Dans chaque paroisse, l’encaissement de l’impôt se faisait sous la responsabilité d’un percepteur occasionnel, le collecteur principal des tailles. Ce travail n’était pas basé sur le volontariat et on l’effectuait à tour de rôle.
Le curé et la paroisse sont soumis à une surveillance soutenue de la part des autorités religieuses. Le registre de la fabrique signale le passage fréquent de l’archidiacre ou, à son défaut, du doyen de Cailly.
Le curé intervient comme relais entre le gouvernement et la population locale. Situation équivoque qui ne choquait personne dans un pays ou le catholicisme était religion d’état. La confusion des genres était la règle. En 1695, Louis XIV ordonna l’édification de croix aux carrefours. Quincampoix eut deux calvaires en bois qui furent entretenus jusqu’à la Révolution.
À l’imitation du seigneur qui avait son banc attitré à l’église, les familles nobles de la paroisse, dans le dernier quart du XVIIe siècle, se font concéder des places réservées.

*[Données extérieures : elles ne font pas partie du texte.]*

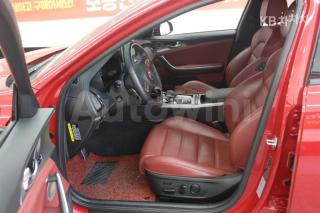 2020 KIA STINGER 3.3 TURBO 2WD 마스터즈 - 8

La Charité était une association qui existait dans la plupart des paroisses et dont la mission était de s’occuper des funérailles des fidèles. Elle tenait à la fois de la compagnie de pompes funèbres et de la confrérie censée contribuer à l’édification de ses membres. Elle était placée sous la protection du patron de l’église paroissiale, auquel s’ajoutaient d’autres saints. À l’instar de nos modernes associations, chaque Charité était dotée de statuts approuvés par l’autorité diocésaine.
A la Révolution, les biens ecclésiastiques sont mis à la disposition de la Nation. Les actifs des Fabriques sont déclarés propriété nationale (1793). En 1802, les Conseils de Fabriques sont partiellement rétablis puis définitivement supprimés par la loi de séparation de l’église et de l’état en 1905.

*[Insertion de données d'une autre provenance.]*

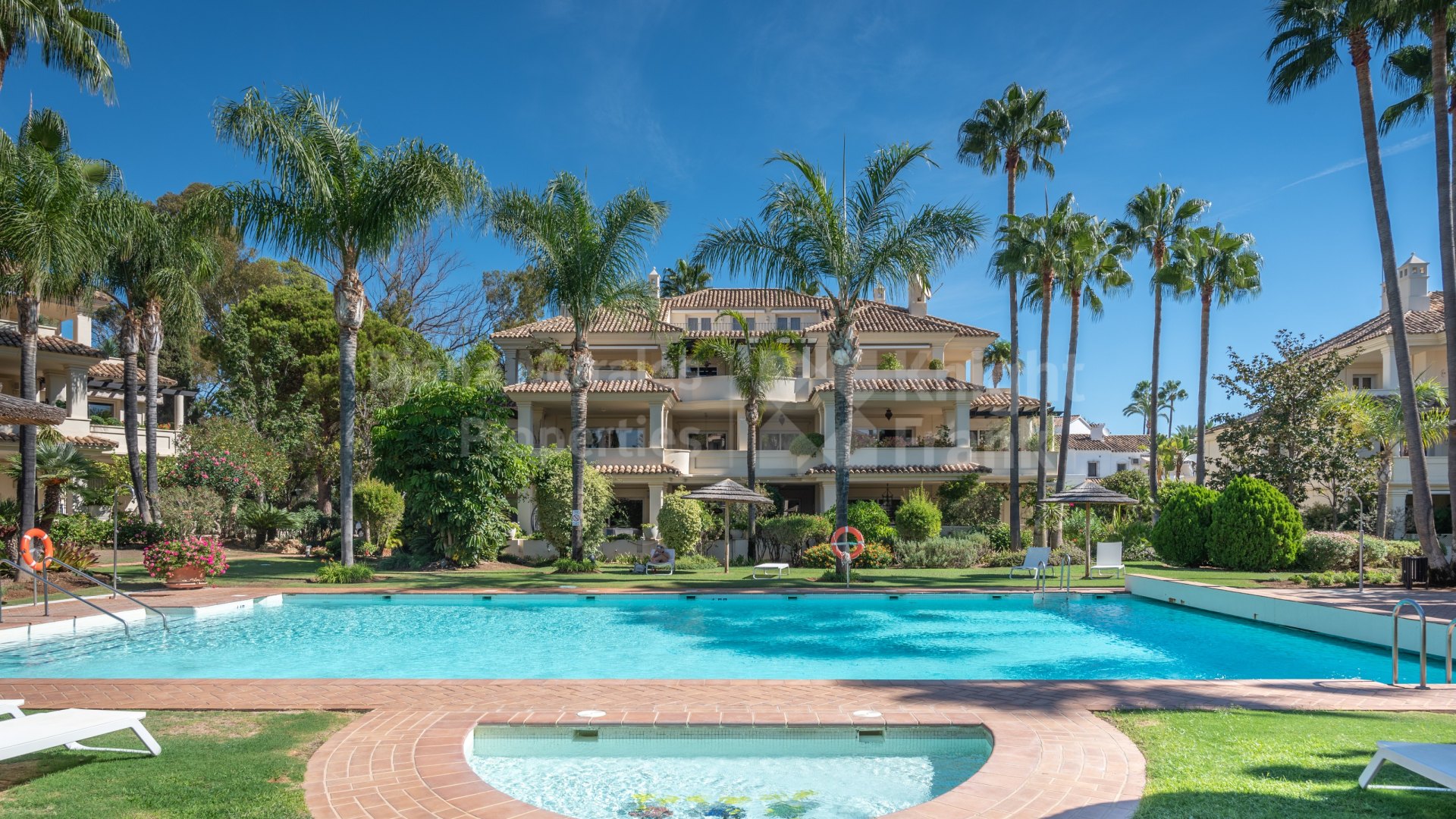 Las Alamandas, Luxury duplex penthouse in the heart of the Golf Valley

Dans les trois départements de la Moselle, du Bas-Rhin et du Haut-Rhin les fabriques subsistent comme établissements publics.

L’église Sainte-Marguerite
De style néo-gothique, elle a été édifiée en 1868 à l’emplacement de l’église originelle qui datait du XVème siècle. Sa cuve baptismale date du XIIIème siècle.
Un vitrail représente Jeanne d’Arc de passage à Quincampoix lorsqu’elle est conduite à Rouen pour y être jugée.